Flying High on the Iran Deal
Does Iran represent a great enemy to our fair nation or a great opportunity for some long-overdue profits? They've enjoyed calling us the Great Satan for nearly half a century and remain one of the few nations on Earth (along with North Korea and Somalia) with which the US has no official diplomatic relationships. All of Iran's pugnacity and belligerence came to a head in mid-July, however, as they signed an agreement with the United States, EU, Russia, and China in order to leverage their oil exports without western sanctions provided that they will give up their as-yet-unfounded dreams of nuclear yields. While the Iran deal has the biggest repercussions for the petroleum industry, since nine out of ten export dollars stem from crude, a novel market segment will also profit from each nation adding ink to the paper: aviation.
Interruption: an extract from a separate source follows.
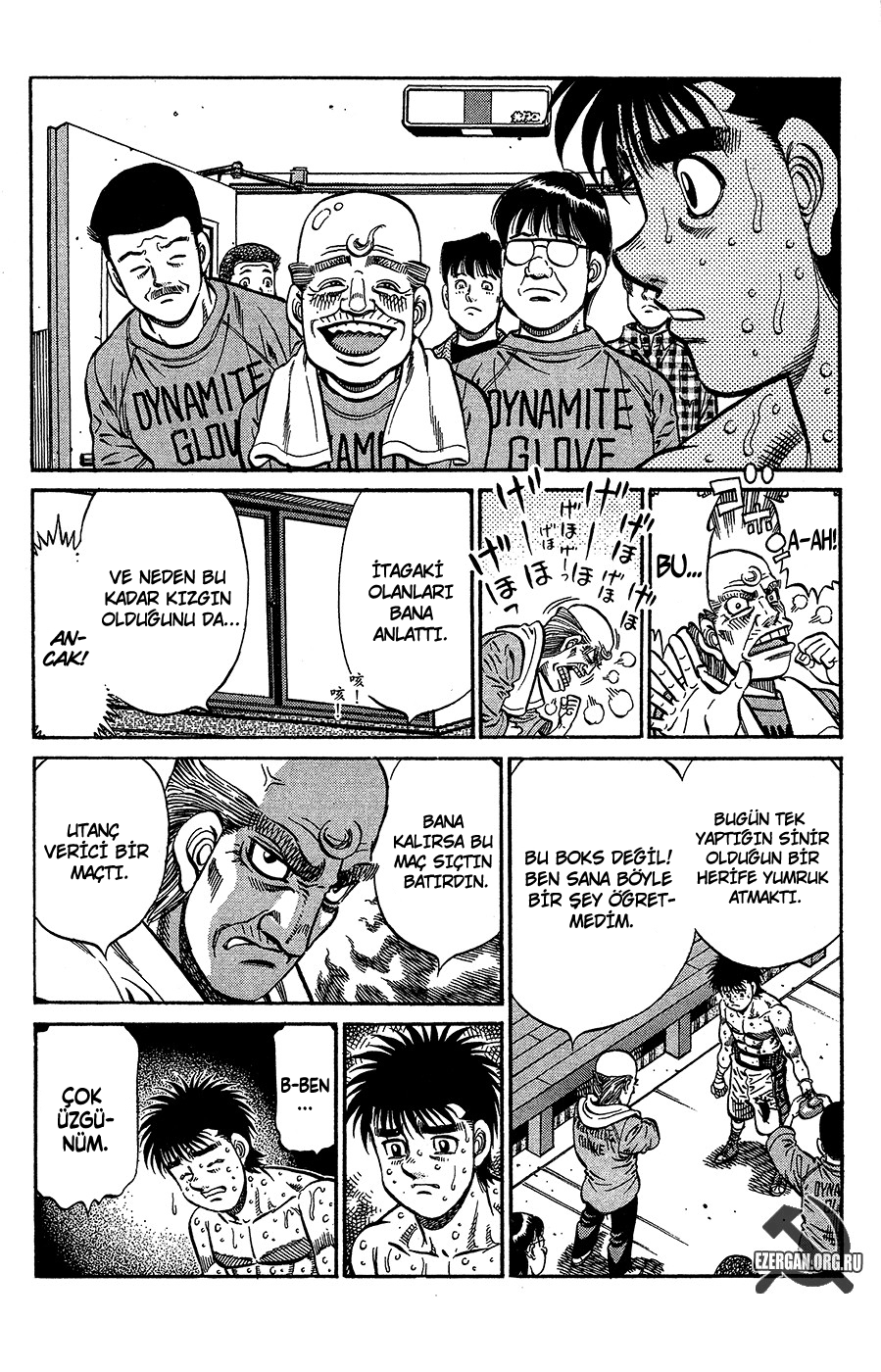 Read Hajime no Ippo Tr Manga Online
Iranian Air: Smoggy and Shoddy
Getting into Iran represents a pilot's nightmare. The capital city of Tehran has some of the worst air quality in the entire world, behind only the worst industrial cities of India and China, making it supremely difficult to navigate and land a plane by the old-fashioned eye test. Worse still, once a piece of equipment breaks or malfunctions, you need a hefty dose of luck in order to find a replacement in the Islamic Republic. That's because the Iranian aviation industry has been heavily ravaged by supply shortages brought on by a critical lack of heavy engineering, leading to outbound flights turning to the black market in order to scrounge necessary parts whenever a plane cannot lift off on its own power. Mahan Air, for instance, the second-largest aviation firm in Iran, had to purchase nine defunct Airbus jets from an Iraqi criminal syndicate in order to salvage the necessary components for their own fleet. Iran averages one and a half plane crashes per year, one of the worst operating records in all the world, claiming some 500 passenger and crew lives within the past 15 years alone. Iran Air's fleet of planes stand at 26 years of age on average, about twice as old as the average American passenger jet en route through the skies over our heads. The series of sanctions placed on the growing Iranian nuclear threat meant further bad news for the aviation industry, but also the chance to blame western enemies whenever a pilot error or computer malfunction or faulty part turned an ordinary flight into a set of statistics. With the close of these sanctions, however, Iranian aerospace will happily turn to American corporate structure in order to get all their necessary supplies, meaning a new slice of big business for the fattest of cats at the aviation table.
By Executive Order
Access to American business represented one of the most tantalizing carrots put on the negotiating table by President Obama. While no US business can directly sell or market goods in Iran -- much like our embargo with Cuba -- shell companies can sell cut-down versions of products ranging from Coca-Cola to 797 engine spark plugs through multiple middlemen. With the end of some or all of the economic sanctions on Iran, the rapidly-aging fleet of airplanes patrolling Iranian skies will get a lot of welcome relief. The Joint Comprehensive Plan of Action, the official name for the diplomatic treaty that eliminates sanctions at the cost of Iranian nuclear sovereignty, specifically permits the sale of aviation parts to Iranian vendors. That's great news for the biggest companies like Boeing (BA on the NYSE, trading for $147.45 a share), whose share price has risen by over ten percent in the first half of 2015. The same goes for Airbus (AIR on the Euronext Paris Exchange, trading for $62.99 a share), who have seen growth of some fifty percent since 2014. The growth potential of aviation stocks, and affiliated heavy aerospace engineering firms, in tandem with the Iran deal make for a perfect opportunity for portfolios that suffered from the May market correction. There's ample reason to be optimistic about the investment: Iran wants to market their airport facilities as the ideal bridging point for flights ranging from Europe to Eastern Asia, Africa to Australia, a badly-needed move to catch up with the United Arab Emirates's current standing as the most-connected flight path in the world.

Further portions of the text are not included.